Herman Melville's historic house

C all me Ishmael in a river valley? In the 1850s, Herman Melville and his family lived here, in a farmhouse in Pittsfield, and he wrote Moby-Dick here — the novel no one read in his lifetime that has rounded the world a century later.

The Berkshires inspired the book. Sitting in his study, at his desk, Melville looked out his study window at the ridge of Mount Greylock. He could see its crest above the grey-blue ridges on the horizon, and he thought of of the back of a sperm whale as it shows above the water for a moment, as the whale takes a breath and then dives.

Now the old yellow clapboard house is the home of the Berkshire Historical Society. It holds exhibits on Melville’s family, the time when he lived here and the Civil war, and the sea. Michael Melle’s straw sculptures show life on farms and ships in the 19th century. And a nature trail runs through the woods and fields.

Herman Melville wrote Moby-Dick at Arrowhead, his historic house and former farm in Pittsfield.
Photo by Kate Abbott

Leaves of grass

Herman Melville spent summers here at his uncle’s farm as a boy, and in 1850 he and his family moved here from New York City. He had made a name as a writer by then, with his early adventure stories about the south seas. He had served once on a whaler out of New Bedford and walked off the ship in the Marquesas to live on the islands.

Here he worked the farm as he worked on his novel, and when he struggled with his family and his writing, sometimes the land gave him peace. He once wrote to Nathaniel Hawthorne, “This ‘all’ feeling … you must often have felt it, lying on the grass on a warm summer’s day. Your legs seem to send out shoots into the earth. Your hair feels like leaves upon your head.”
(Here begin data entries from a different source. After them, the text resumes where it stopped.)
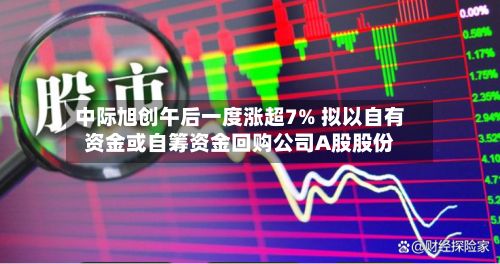 中际旭创午后一度涨超7% 拟以自有资金或自筹资金回购公司A股股份-第3张图片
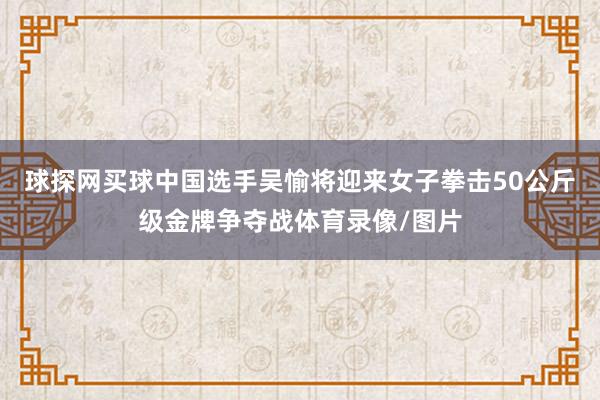 球探网买球中国选手吴愉将迎来女子拳击50公斤级金牌争夺战体育录像/图片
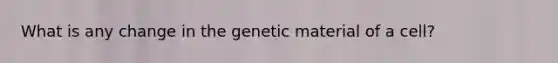 What is any change in the genetic material of a cell?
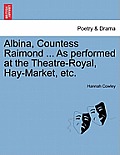 Albina, Countess Raimond ... as Performed at the Theatre-Royal, Hay-Market, Etc.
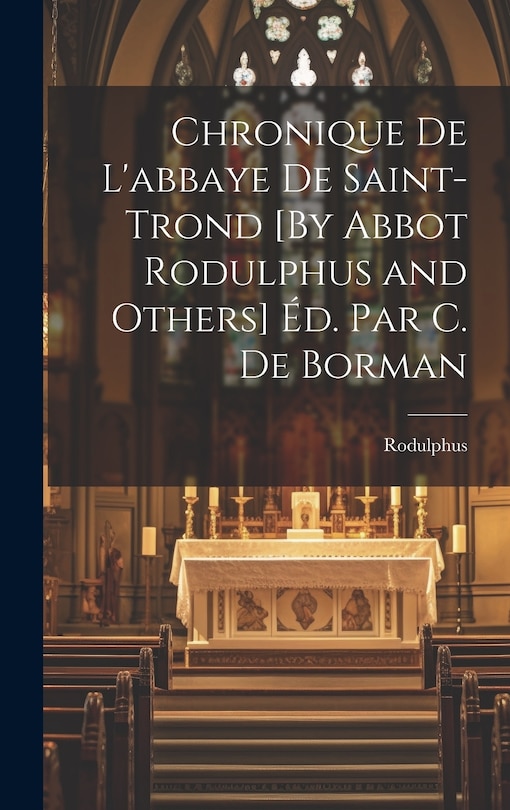 Front cover_Chronique De L'abbaye De Saint-Trond [By Abbot Rodulphus and Others] Éd. Par C. De Borman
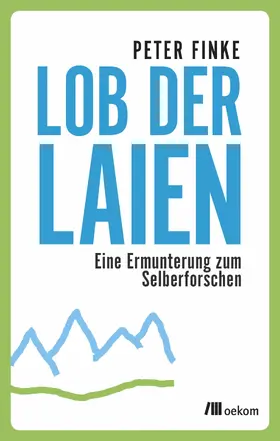 Finke |  Lob der Laien | eBook | Sack Fachmedien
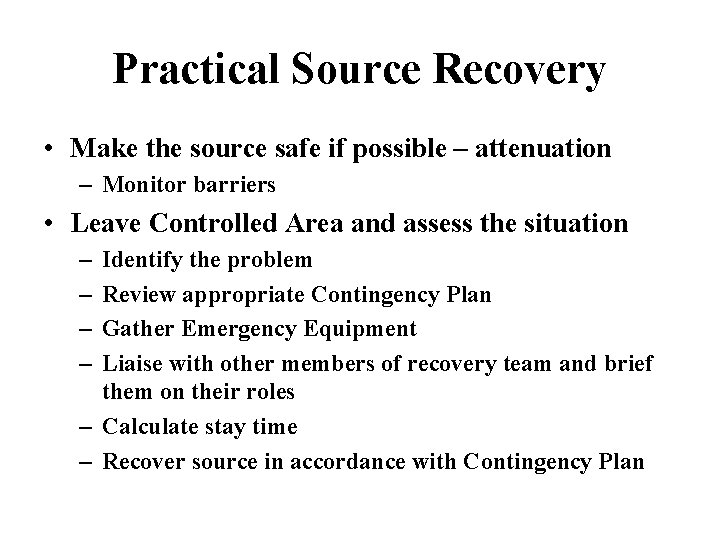 Practical Source Recovery • Make the source safe if possible – attenuation – Monitor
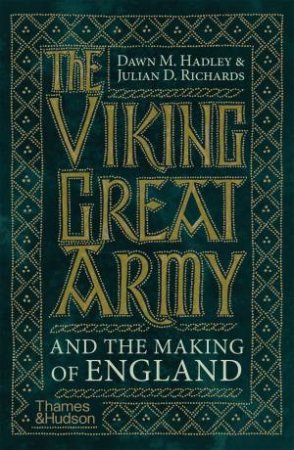 The Viking Great Army and the Making of England by Dawn Hadley & Julian Richards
From the top of Monument Mountain, Mount Greylock shows in the distance. Herman Melville thought it looked like the back of a sperm whale surfacing above the waves.
Monument Mountain / Photo by Kate Abbott

Good omens

When Melville was writing here and getting in the hay, Nathaniel Hawthorne moved into Hawthorne Cottage in Lenox, just up the road. While Hawthorne wrote and published The House of Seven Gables, the two writers became close friends and then abruptly parted ways.

Every year, The Trustees of Reservations re-enact the picnic on Monument Mountain when Hawthorne and Melville first met and talked as they took shelter from a sudden thunderstorm. Guides lead a hike, an hour’s moderate climb up to the ridge, and read from both men’s words as they look out over the valley.